Data excerpts
↓
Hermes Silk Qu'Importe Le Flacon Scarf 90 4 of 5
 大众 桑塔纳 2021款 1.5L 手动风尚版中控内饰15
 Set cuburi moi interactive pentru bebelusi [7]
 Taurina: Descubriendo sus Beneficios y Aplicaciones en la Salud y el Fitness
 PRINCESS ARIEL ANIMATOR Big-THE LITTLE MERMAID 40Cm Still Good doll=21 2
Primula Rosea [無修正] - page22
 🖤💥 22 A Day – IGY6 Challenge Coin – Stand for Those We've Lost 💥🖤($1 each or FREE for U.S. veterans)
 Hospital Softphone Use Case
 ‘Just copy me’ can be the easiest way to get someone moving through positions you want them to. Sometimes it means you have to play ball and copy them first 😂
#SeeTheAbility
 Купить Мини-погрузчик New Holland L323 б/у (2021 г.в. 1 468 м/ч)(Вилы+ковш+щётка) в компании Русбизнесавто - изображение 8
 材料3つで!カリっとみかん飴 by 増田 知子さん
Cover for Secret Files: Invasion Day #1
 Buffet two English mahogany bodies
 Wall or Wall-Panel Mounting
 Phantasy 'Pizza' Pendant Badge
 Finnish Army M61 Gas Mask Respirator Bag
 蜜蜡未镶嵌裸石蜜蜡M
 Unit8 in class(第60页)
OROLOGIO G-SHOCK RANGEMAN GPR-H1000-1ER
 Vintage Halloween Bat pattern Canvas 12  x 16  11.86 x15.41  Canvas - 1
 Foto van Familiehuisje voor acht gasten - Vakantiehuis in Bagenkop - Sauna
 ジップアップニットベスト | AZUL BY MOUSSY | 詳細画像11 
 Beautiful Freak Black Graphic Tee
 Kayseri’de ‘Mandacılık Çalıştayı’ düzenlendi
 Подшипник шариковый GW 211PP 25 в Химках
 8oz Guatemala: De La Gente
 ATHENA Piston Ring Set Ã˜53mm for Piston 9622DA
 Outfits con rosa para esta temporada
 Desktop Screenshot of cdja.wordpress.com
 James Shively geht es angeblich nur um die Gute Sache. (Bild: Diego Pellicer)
↑
Please copy the data in full, character for character.

Hermes Silk Qu'Importe Le Flacon Scarf 90 4 of 5
 大众 桑塔纳 2021款 1.5L 手动风尚版中控内饰15
 Set cuburi moi interactive pentru bebelusi [7]
 Taurina: Descubriendo sus Beneficios y Aplicaciones en la Salud y el Fitness
 PRINCESS ARIEL ANIMATOR Big-THE LITTLE MERMAID 40Cm Still Good doll=21 2
Primula Rosea [無修正] - page22
 🖤💥 22 A Day – IGY6 Challenge Coin – Stand for Those We've Lost 💥🖤($1 each or FREE for U.S. veterans)
 Hospital Softphone Use Case
 ‘Just copy me’ can be the easiest way to get someone moving through positions you want them to. Sometimes it means you have to play ball and copy them first 😂
#SeeTheAbility
 Купить Мини-погрузчик New Holland L323 б/у (2021 г.в. 1 468 м/ч)(Вилы+ковш+щётка) в компании Русбизнесавто - изображение 8
 材料3つで!カリっとみかん飴 by 増田 知子さん
Cover for Secret Files: Invasion Day #1
 Buffet two English mahogany bodies
 Wall or Wall-Panel Mounting
 Phantasy 'Pizza' Pendant Badge
 Finnish Army M61 Gas Mask Respirator Bag
 蜜蜡未镶嵌裸石蜜蜡M
 Unit8 in class(第60页)
OROLOGIO G-SHOCK RANGEMAN GPR-H1000-1ER
 Vintage Halloween Bat pattern Canvas 12  x 16  11.86 x15.41  Canvas - 1
 Foto van Familiehuisje voor acht gasten - Vakantiehuis in Bagenkop - Sauna
 ジップアップニットベスト | AZUL BY MOUSSY | 詳細画像11 
 Beautiful Freak Black Graphic Tee
 Kayseri’de ‘Mandacılık Çalıştayı’ düzenlendi
 Подшипник шариковый GW 211PP 25 в Химках
 8oz Guatemala: De La Gente
 ATHENA Piston Ring Set Ã˜53mm for Piston 9622DA
 Outfits con rosa para esta temporada
 Desktop Screenshot of cdja.wordpress.com
 James Shively geht es angeblich nur um die Gute Sache. (Bild: Diego Pellicer)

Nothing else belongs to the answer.